■ EXERCISE OBJECTIVE: Show the lines below that contain the string "Baby".

DATASET ENTRIES: Begin

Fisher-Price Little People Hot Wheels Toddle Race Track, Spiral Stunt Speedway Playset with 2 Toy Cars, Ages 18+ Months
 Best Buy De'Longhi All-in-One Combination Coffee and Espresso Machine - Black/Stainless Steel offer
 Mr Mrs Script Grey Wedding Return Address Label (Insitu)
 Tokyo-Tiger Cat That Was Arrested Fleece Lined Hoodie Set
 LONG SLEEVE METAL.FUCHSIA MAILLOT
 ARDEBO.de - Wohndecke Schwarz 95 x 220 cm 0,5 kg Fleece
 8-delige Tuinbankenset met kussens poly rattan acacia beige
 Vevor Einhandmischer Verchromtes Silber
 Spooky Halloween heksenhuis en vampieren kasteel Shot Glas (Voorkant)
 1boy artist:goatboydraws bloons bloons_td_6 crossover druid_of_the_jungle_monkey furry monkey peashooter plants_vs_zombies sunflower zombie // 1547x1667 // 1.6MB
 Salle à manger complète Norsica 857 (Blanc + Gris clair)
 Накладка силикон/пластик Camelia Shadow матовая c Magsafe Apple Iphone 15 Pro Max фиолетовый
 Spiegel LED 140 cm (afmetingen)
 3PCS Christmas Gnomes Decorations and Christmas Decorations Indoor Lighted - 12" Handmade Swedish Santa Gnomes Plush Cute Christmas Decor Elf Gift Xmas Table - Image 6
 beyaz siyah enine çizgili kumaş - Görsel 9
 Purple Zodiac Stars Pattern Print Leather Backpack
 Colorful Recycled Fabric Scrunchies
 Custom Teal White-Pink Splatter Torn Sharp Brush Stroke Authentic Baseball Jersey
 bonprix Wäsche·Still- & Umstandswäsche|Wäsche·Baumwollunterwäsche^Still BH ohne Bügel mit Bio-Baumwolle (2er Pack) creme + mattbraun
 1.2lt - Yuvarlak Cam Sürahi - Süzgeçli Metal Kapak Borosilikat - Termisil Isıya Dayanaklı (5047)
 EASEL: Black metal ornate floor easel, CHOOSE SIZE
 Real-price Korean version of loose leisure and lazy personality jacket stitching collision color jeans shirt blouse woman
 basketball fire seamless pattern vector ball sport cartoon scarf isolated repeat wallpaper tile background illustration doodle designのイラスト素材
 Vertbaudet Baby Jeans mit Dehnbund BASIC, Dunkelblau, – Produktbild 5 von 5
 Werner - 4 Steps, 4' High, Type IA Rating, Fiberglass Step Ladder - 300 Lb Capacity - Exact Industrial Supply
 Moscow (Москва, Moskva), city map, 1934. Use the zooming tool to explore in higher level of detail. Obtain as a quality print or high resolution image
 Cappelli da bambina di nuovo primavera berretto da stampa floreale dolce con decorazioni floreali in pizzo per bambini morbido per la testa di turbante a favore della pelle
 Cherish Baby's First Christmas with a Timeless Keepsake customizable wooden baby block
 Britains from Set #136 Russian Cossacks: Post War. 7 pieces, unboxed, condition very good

DATASET ENTRIES: End

■ RESPONSE BOX:
 Vertbaudet Baby Jeans mit Dehnbund BASIC, Dunkelblau, – Produktbild 5 von 5
 Cherish Baby's First Christmas with a Timeless Keepsake customizable wooden baby block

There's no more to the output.